(Information shown begins)
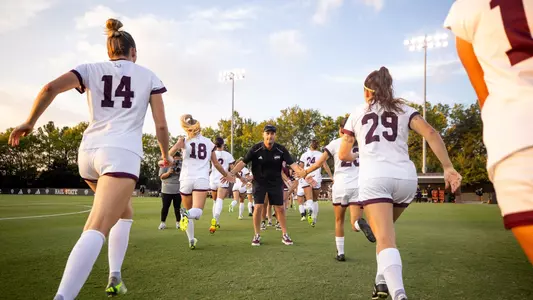 STARKVILLE, MS - September 21, 2023 - Mississippi State Head Coach James Armstrong during the match between the Texas A&M Aggies and the Mississippi State Bulldogs at the MSU Soccer Field in Starkville, MS. Photo By Mike Mattina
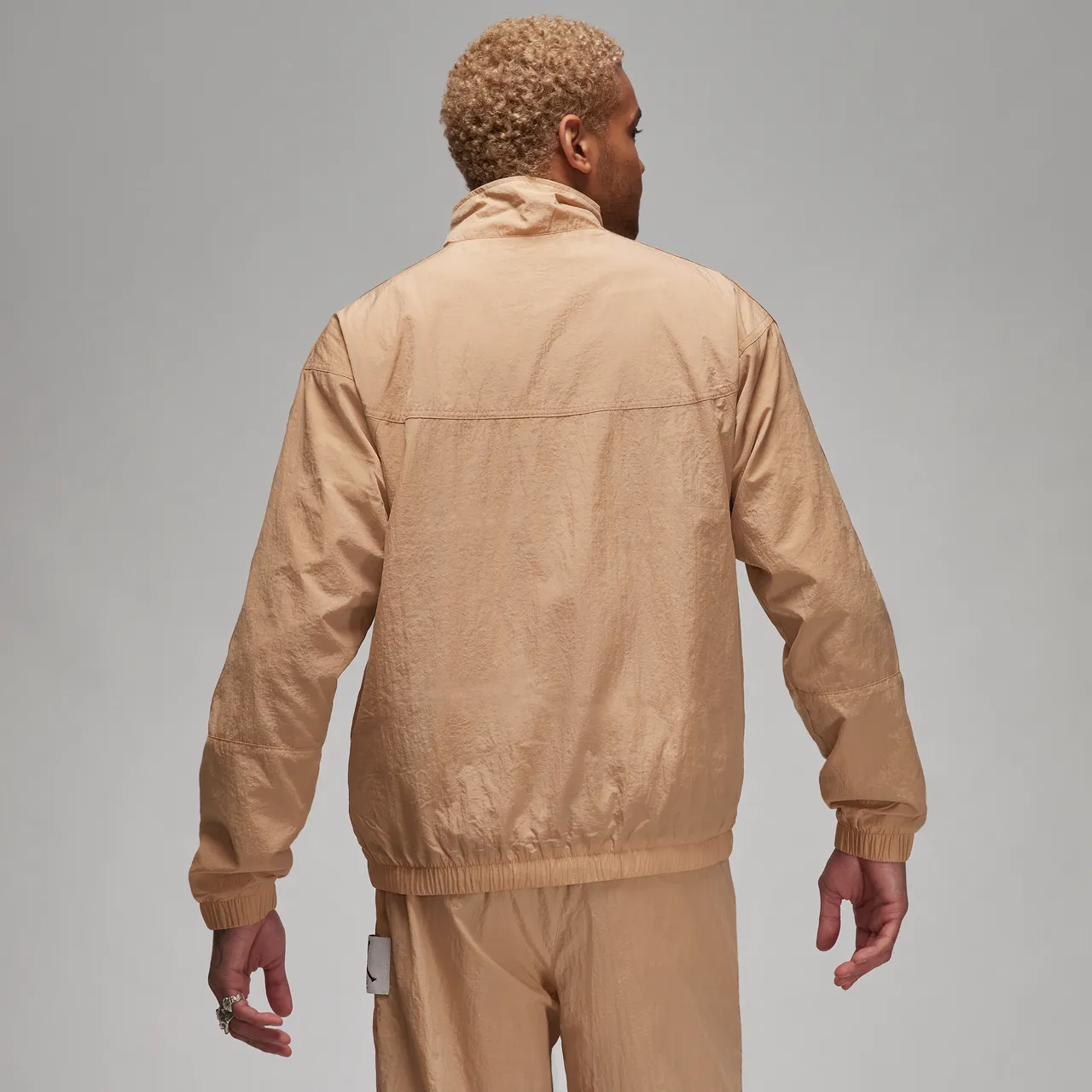 Jordan Essentials Men's Warm-Up Jacket - Brown - Polyester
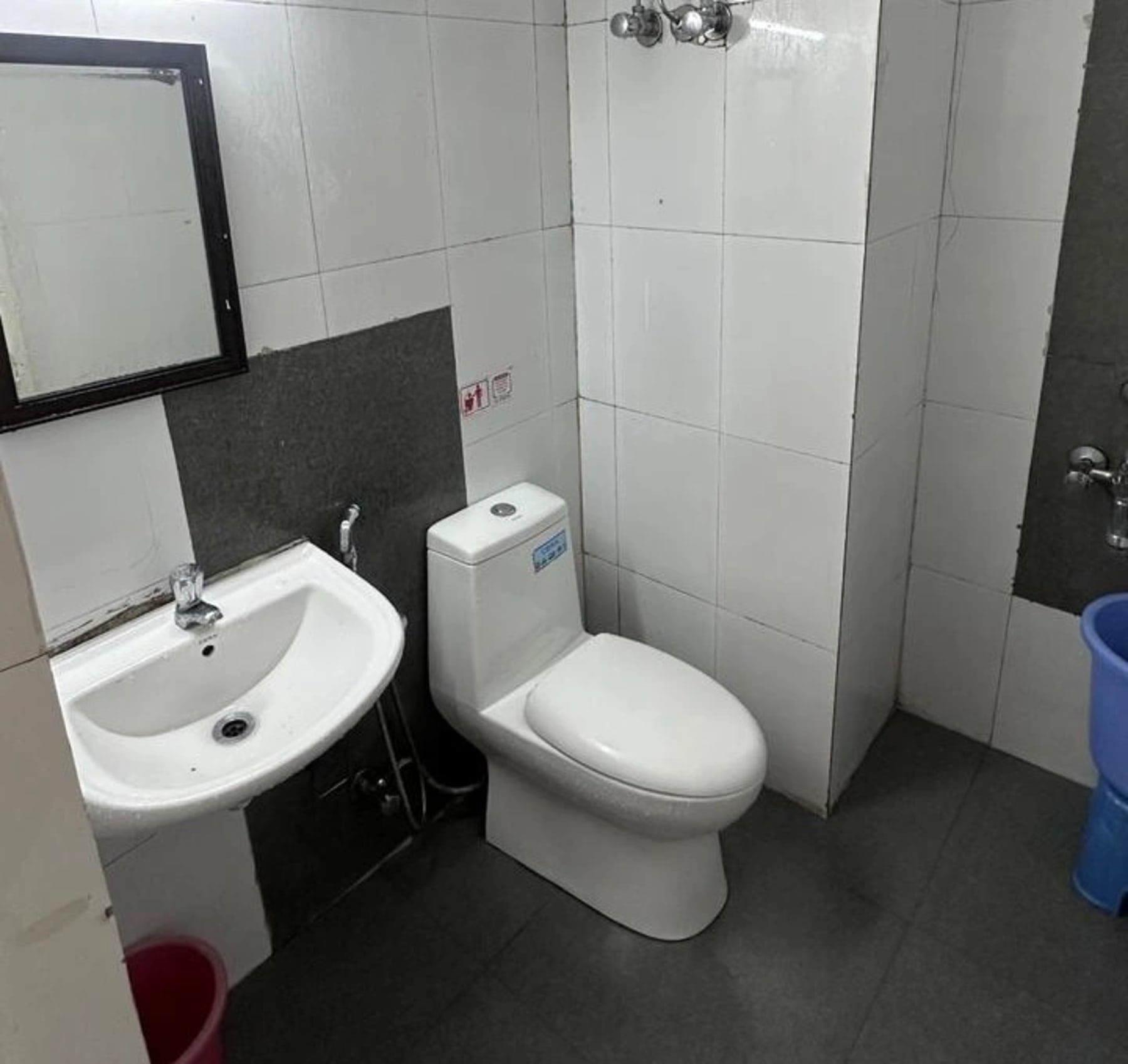 Hotel bathroom at Ajay Residency Ooty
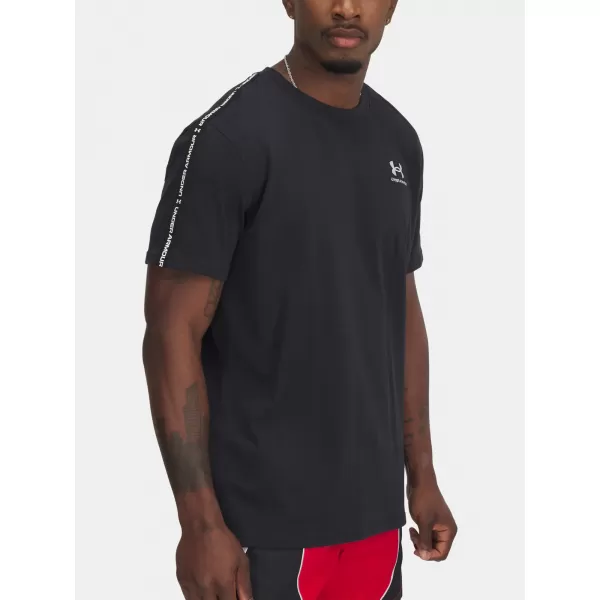  Мъжка тениска UNDER ARMOUR ICON HWT TEE TAPING 1390300-001 ЧЕРЕН 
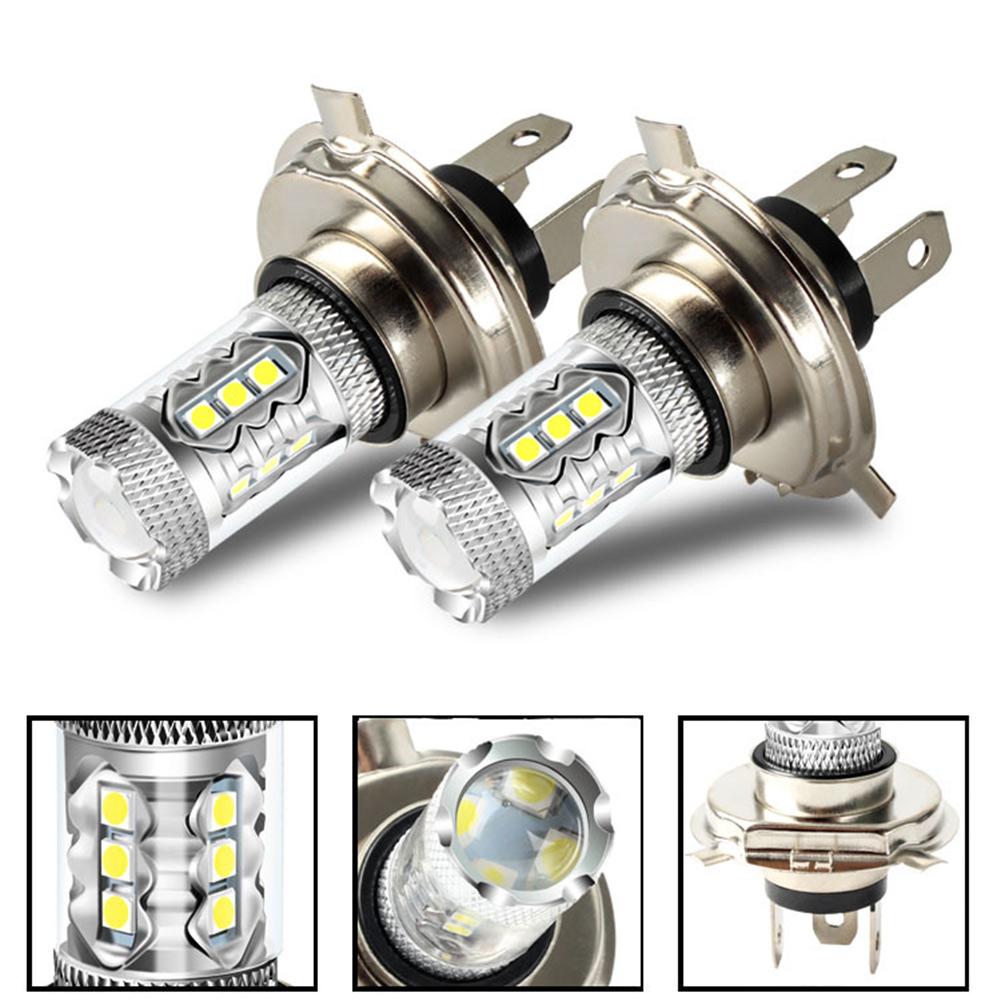 2Pcs H4 Led Bulb Car Headlight Motorcycle H4 Auto Fog Lamps 9003 HB2  Light 12v 80W 6500K Light Headlight Bulb Signal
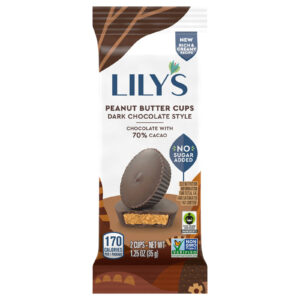 Lilys - Pbtr Cups Dark Choc 2 Pk - Cs Of 12-1.25 Oz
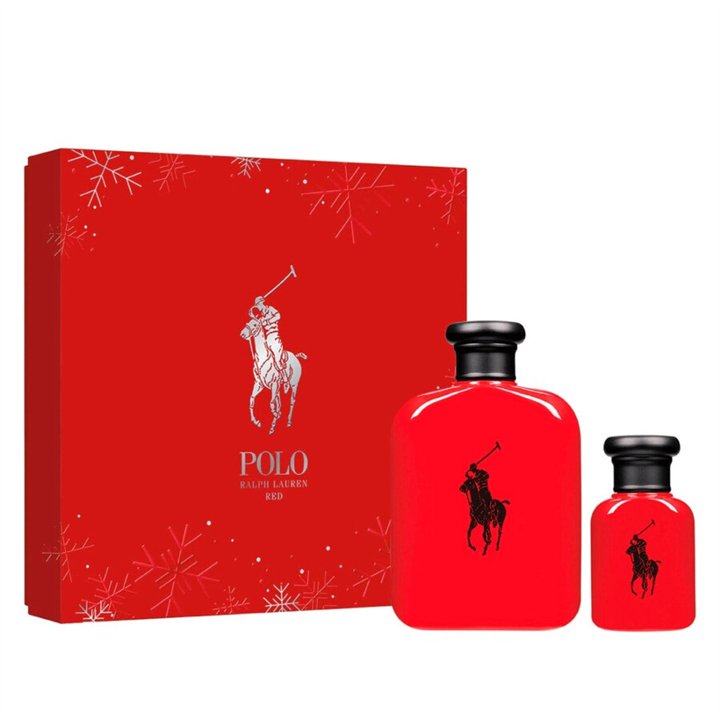 Set Ralph Lauren: Polo Red, Eau De Toilette, For Men, 125 ml + Polo Red, Eau De Toilette, For Men, 15 ml *Miniature - Teknashop 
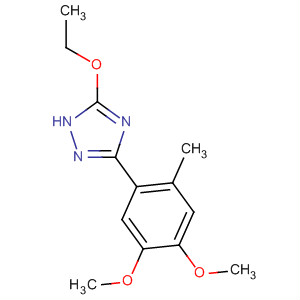 1H-1,2,4-Triazole, 3-(4,5-dimethoxy-2-methylphenyl)-5-ethoxy- molecular structure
(Information shown ends)
**About this exercise:** Leave every image out and retype the entries above word for word.

**Task result:**
 STARKVILLE, MS - September 21, 2023 - Mississippi State Head Coach James Armstrong during the match between the Texas A&M Aggies and the Mississippi State Bulldogs at the MSU Soccer Field in Starkville, MS. Photo By Mike Mattina
 Jordan Essentials Men's Warm-Up Jacket - Brown - Polyester
 Hotel bathroom at Ajay Residency Ooty
  Мъжка тениска UNDER ARMOUR ICON HWT TEE TAPING 1390300-001 ЧЕРЕН 
 2Pcs H4 Led Bulb Car Headlight Motorcycle H4 Auto Fog Lamps 9003 HB2  Light 12v 80W 6500K Light Headlight Bulb Signal
 Lilys - Pbtr Cups Dark Choc 2 Pk - Cs Of 12-1.25 Oz
 Set Ralph Lauren: Polo Red, Eau De Toilette, For Men, 125 ml + Polo Red, Eau De Toilette, For Men, 15 ml *Miniature - Teknashop 
 1H-1,2,4-Triazole, 3-(4,5-dimethoxy-2-methylphenyl)-5-ethoxy- molecular structure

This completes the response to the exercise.